Took my orange Diver One whitewater rafting in WV yesterday. Guide made a big deal out of “leave it at home so it doesn’t get ripped off your wrist.” Diver One survived just fine. I was the only one wearing a watch, so if the guide and passengers wanted to know the time, they had to ask ME.


----------



## Mike2 (Mar 15, 2013)

ck2k01 said:


> Perhaps the highest praise of all:
> 
> 
> 
> ...


The fact that they used the Costco hotdog as a comparison for earnest praise pretty much sums up why that has been one of my favorite podcasts for years. It was great to see such high praise for the watch. 

On another note, now that I have the normal Blue steel Diver 1, I have thought more about messing with aging the bezel on my blue ND513RD. Never thought I would do that to a watch but the aged lume makes it look like it should have come with some age on the bezel.
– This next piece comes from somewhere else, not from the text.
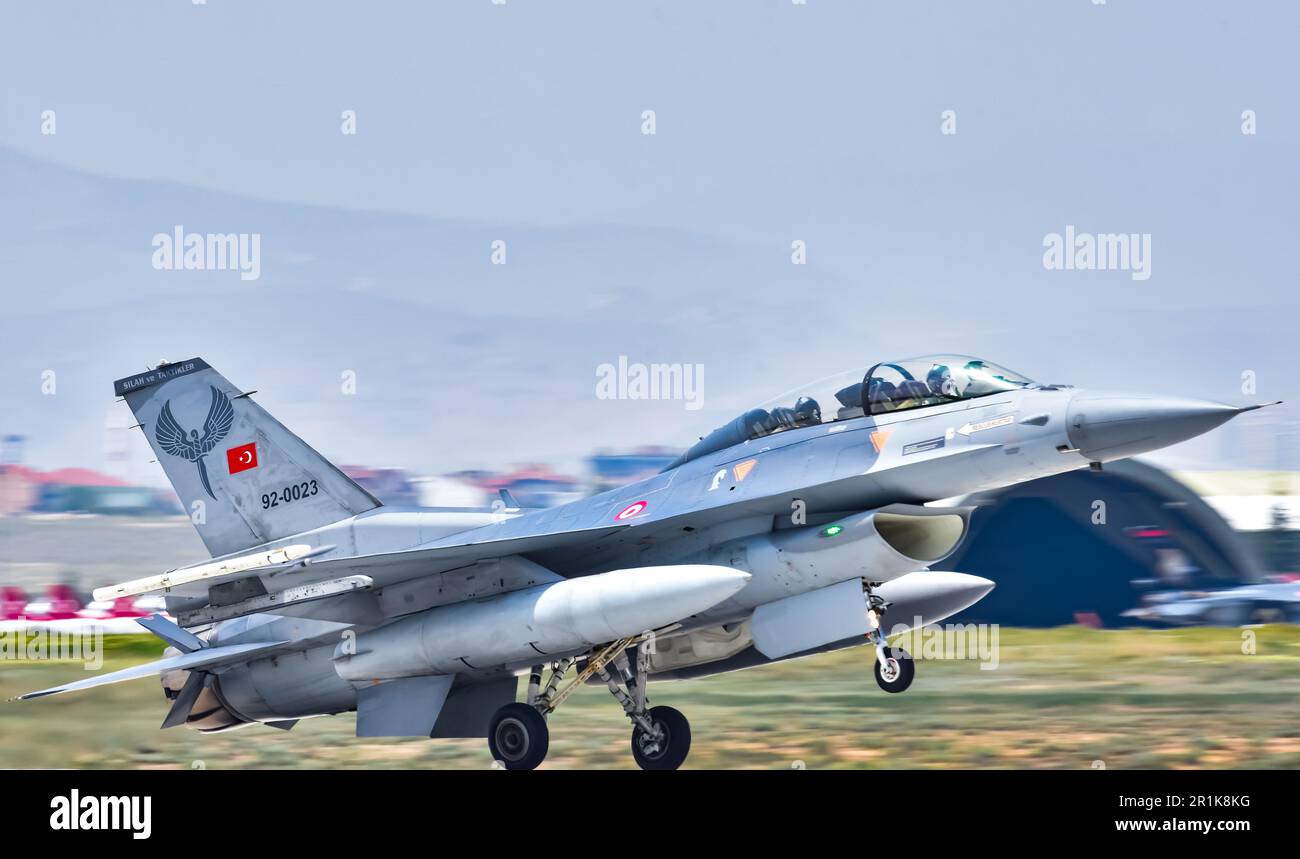 F-16D Fighting Falcon startet Konya Anatolian Eagle Exercises (92-0023) von 191 Filo Hancer „Dolch“ auf Konya 3. Hauptdüse 132. Geschwader Stockfoto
If I hold onto it, I’m sure I would give in eventually. 


Sent from my iPhone using Tapatalk


----------



## ck2k01 (Jun 7, 2017)

Mike2 said:


> The fact that they used the Costco hotdog as a comparison for earnest praise pretty much sums up why that has been one of my favorite podcasts for years. It was great to see such high praise for the watch.
> 
> On another note, now that I have the normal Blue steel Diver 1, I have thought more about messing with aging the bezel on my blue ND513RD. Never thought I would do that to a watch but the aged lume makes it look like it should have come with some age on the bezel. If I hold onto it, I’m sure I would give in eventually.
> 
> ...


Word: one of my faves among the watch podcasts too! The dudes are pretty off-the-cuff witty.

While I’ve got a ghosted bezel, I didn’t do the mod. Fortunately, one of our bros posted his efforts and results herein to guide you if you decide to give it a go 


Sent from my iPhone using Tapatalk


----------



## time_lizard (10 mo ago)

funkadoobiest said:


> These bright colors are addicting!


Colours are fun!


----------



## Bob1035 (Nov 26, 2019)

Hope the "mid July" batch release is soon!


----------



## Betterthere (May 23, 2011)

Jeep99dad said:


> I took my T dial to the beach this week


Very much the perfect beach watch. Think my black ti on bracelet soon.


----------



## wristroll13 (Jun 6, 2020)

tried to find whether someone else had asked but couldn't so will try myself apologies if repeating, but anyone know a good curved end rubber for the treasure seeker? 

photo just because


----------



## TTPEAma (Dec 28, 2020)

wristroll13 said:


> tried to find whether someone else had asked but couldn't so will try myself apologies if repeating, but anyone know a good curved end rubber for the treasure seeker?
> 
> photo just because


Following this. Would love a fitted end.


----------



## FrontRangeChrono (Feb 22, 2021)

Don’t the upcoming “Top Side Crew” or “Deck Hand” watches have a fitted end band? Looks a lot like a bezelless (?) Treasure Seeker. Can’t remember the lug width on those (although I believe Paul posted them earlier in this thread), but maybe they’ll fit your TS as well.


----------



## scurfa (Feb 4, 2014)

FrontRangeChrono said:


> Don’t the upcoming “Top Side Crew” or “Deck Hand” watches have a fitted end band? Looks a lot like a bezelless (?) Treasure Seeker. Can’t remember the lug width on those (although I believe Paul posted them earlier in this thread), but maybe they’ll fit your TS as well.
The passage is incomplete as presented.